Nommée, en février dernier, Coordonnatrice du développement et leadership féminin par la fédé Baseball Québec, elle a travaillé à créer la Ligue féminine de baseball du Québec : « Un peu comme au hockey, il y a plusieurs années, les jeunes filles s’intégraient aux équipes masculines de baseball sans toujours y trouver leur compte, explique-t-elle sur Radio-Canada. Chez les très jeunes, ça fonctionne. Ça se complique chez les plus grandes, quand l’écart de force physique se creuse entre garçons et filles. Bien sûr, on ne peut pas arriver du jour au lendemain et dire : « Les filles jouent avec les filles et les gars jouent avec les gars. » C’est un changement qui va se faire graduellement. »

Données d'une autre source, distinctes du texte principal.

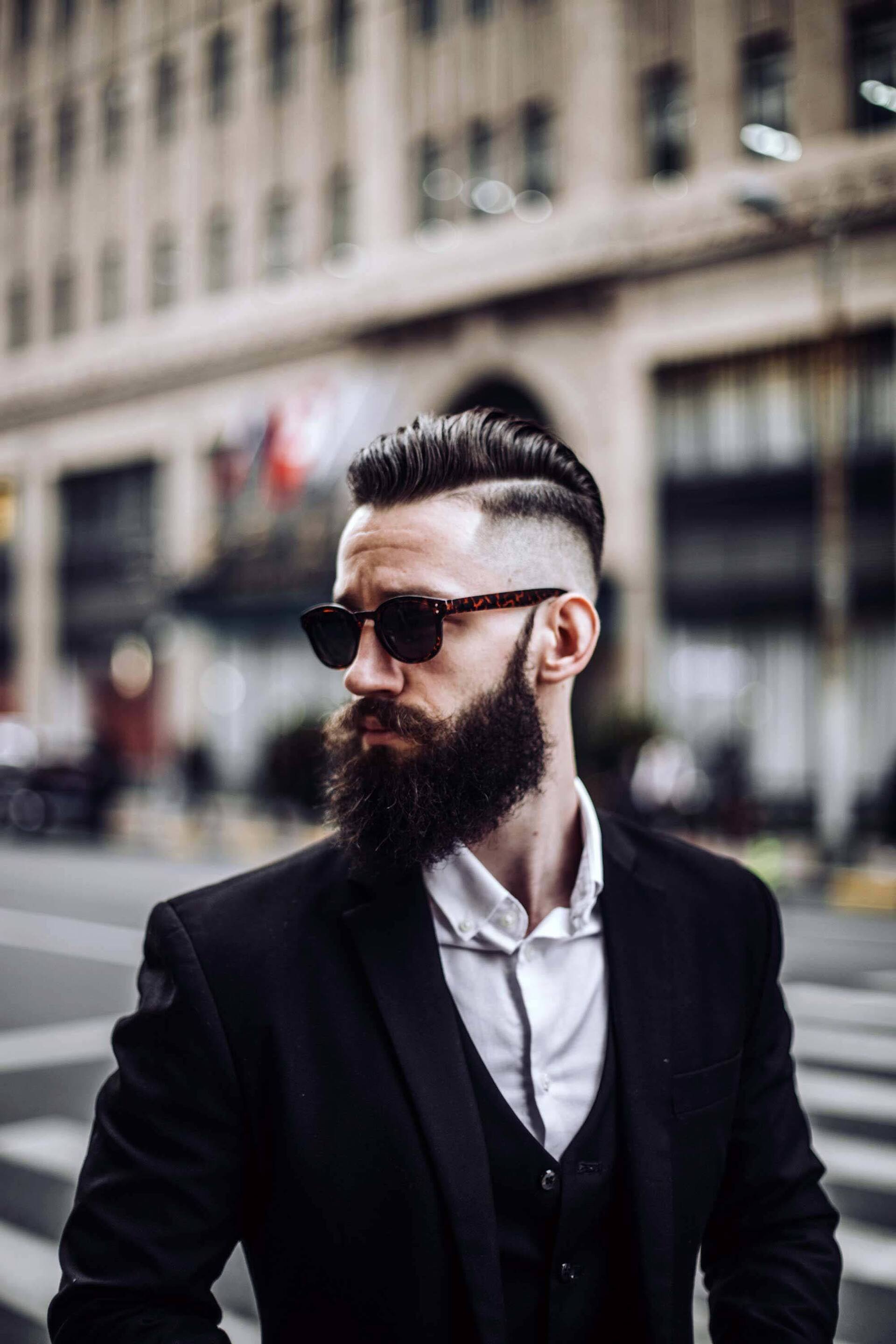 Homem com cabelos e barba pretos e fios raspados na lateral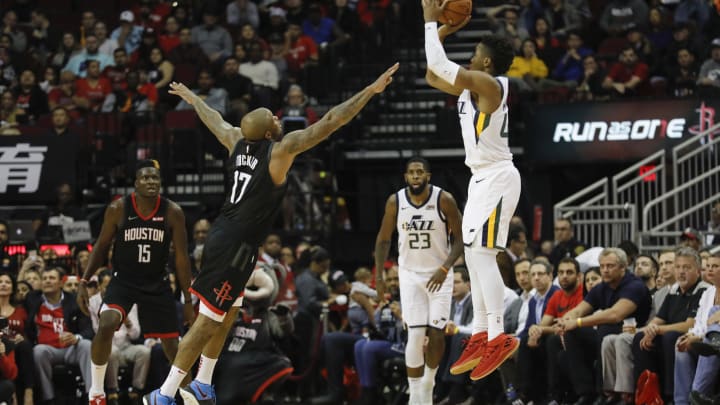 PJ Tucker of the Houston Rockets defends Donovan Mitchell of the Utah Jazz (Photo by Tim Warner/Getty Images)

Mission, donc : faire de la place aux filles sur les terrains, mais également aider les femmes à occuper davantage de postes clés dans les instances dirigeantes et au sein des équipes.
« Les filles, souligne-t-elle, vont développer un volet qu’elles développent moins quand elles jouent avec les gars, le leadership. Elles vont pouvoir mener une équipe et développer autre chose que des qualités athlétiques. »
Sa source d’inspiration n’est autre que la joueuse de foot Us Mia Hamm, et son mantra, une petite phrase de Muhammad Ali : « Pour être un grand champion, on doit croire qu’on est le meilleur. Si tu ne l’es pas, fais semblant. »
« Le baseball est un sport d’erreurs, dit-elle. C’est un sport où tu dois te relever. Ton erreur est inscrite au tableau. Tout le monde a vu la balle qui est passée entre tes jambes. Tu t’élances dans le beurre, tu échappes la balle, tu fais un mauvais relais. C’est important de se remonter après tout ça et peut-être faire le jeu gagnant. »
Vanessa Riopel n’en demeure pas moins joueuse dans l’âme. Mère de trois enfants, elle se surprend souvent à rêver : « Je rêve que je reporte les couleurs du Canada, je suis sur le monticule, j’approuve le choix du lancer de ma receveuse… Et avant de lancer pour la finale de la médaille d’or, je jette un petit coup d’œil à mes trois petits qui me regardent avec fierté, de l’autre côté de la clôture : Wilson, Maverick et Romy .»
Vanessa Riopel, en 2015, juste avant les Jeux panaméricains.